Provided material ▸
+--

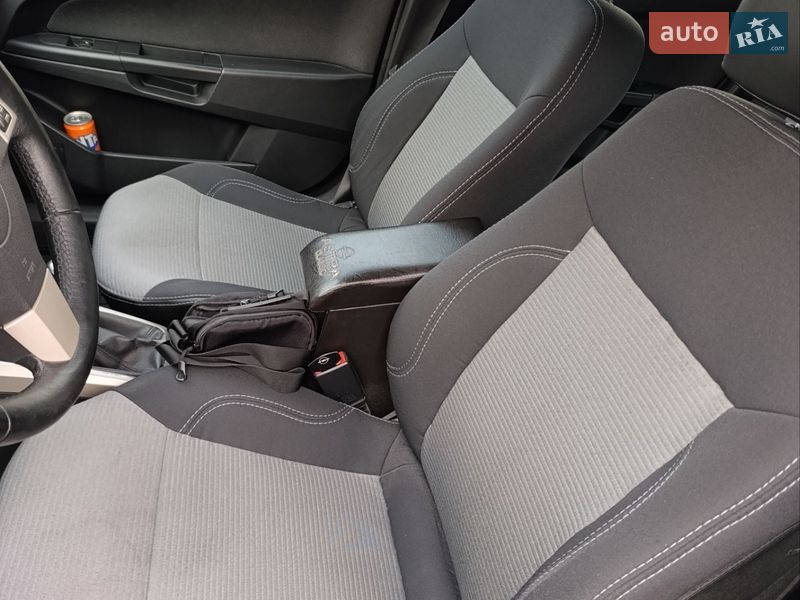 Хэтчбек Opel Astra 2007 в Козельце
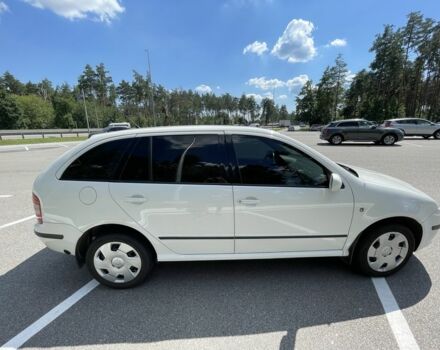Білий Шкода Фабія, об'ємом двигуна 1.4 л та пробігом 320 тис. км за 3850 $, фото 8 на Automoto.ua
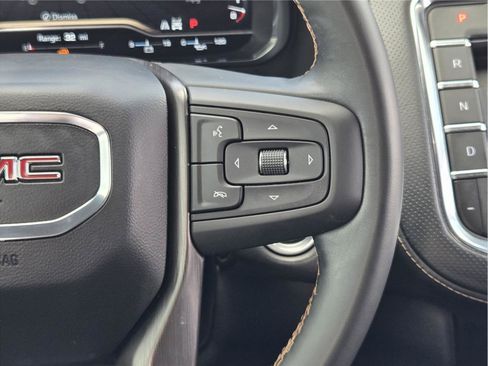 Used 2024 GMC Yukon AT4 w/ Technology Package AWD/4WD image 28
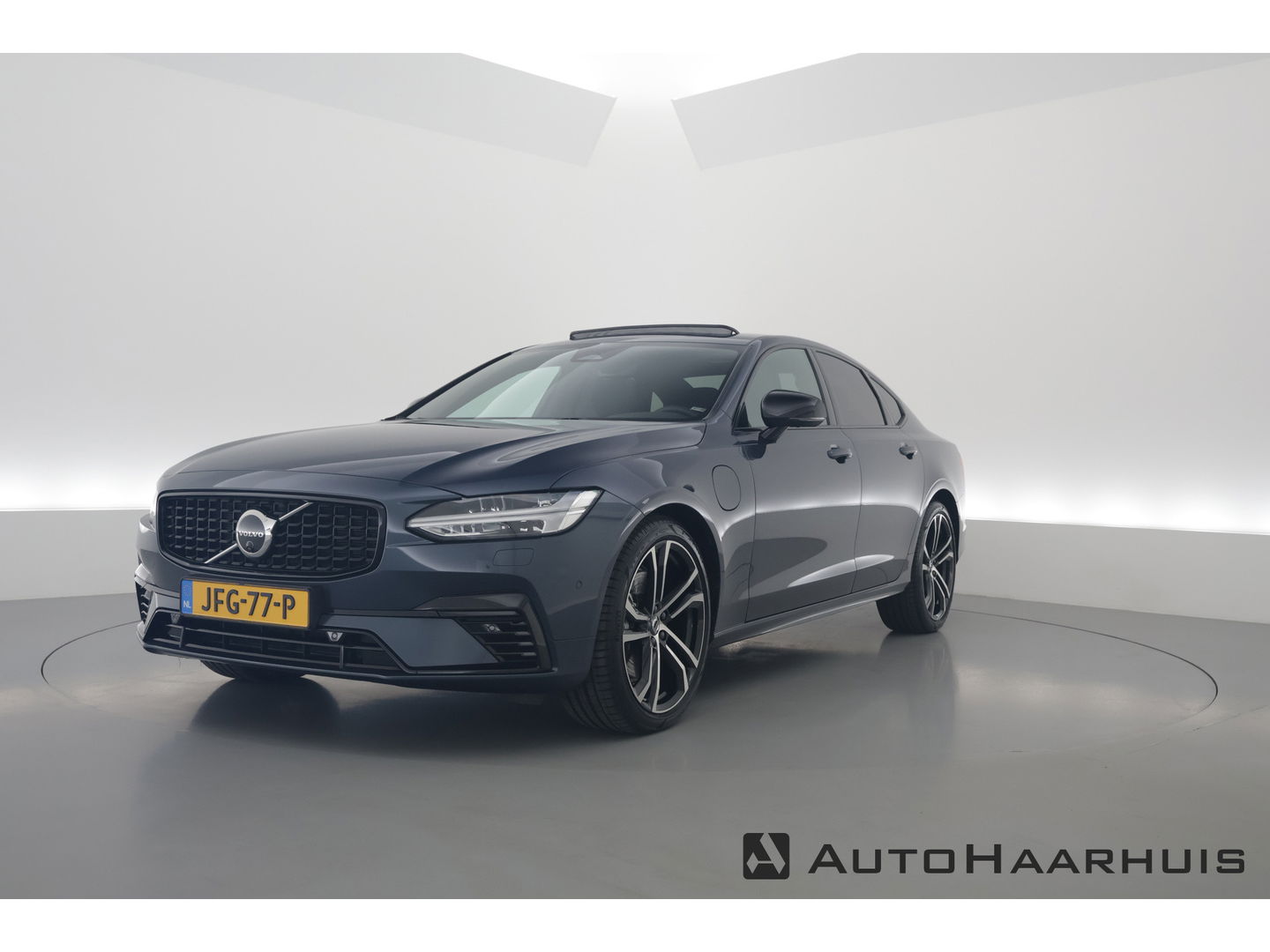 Volvo S90 T8 Recharge Plus Dark | Luchtvering | Schuifdak | Harman Kardon | 360cam | Memory seats | Pilot Assist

+--

About this task ▸ Give back an exact copy of only the lines from the one with "Used 2024 GMC" through the final line of the material, both included. Pictures do not belong in it.

Solution to the exercise ▸
 Used 2024 GMC Yukon AT4 w/ Technology Package AWD/4WD image 28
 Volvo S90 T8 Recharge Plus Dark | Luchtvering | Schuifdak | Harman Kardon | 360cam | Memory seats | Pilot Assist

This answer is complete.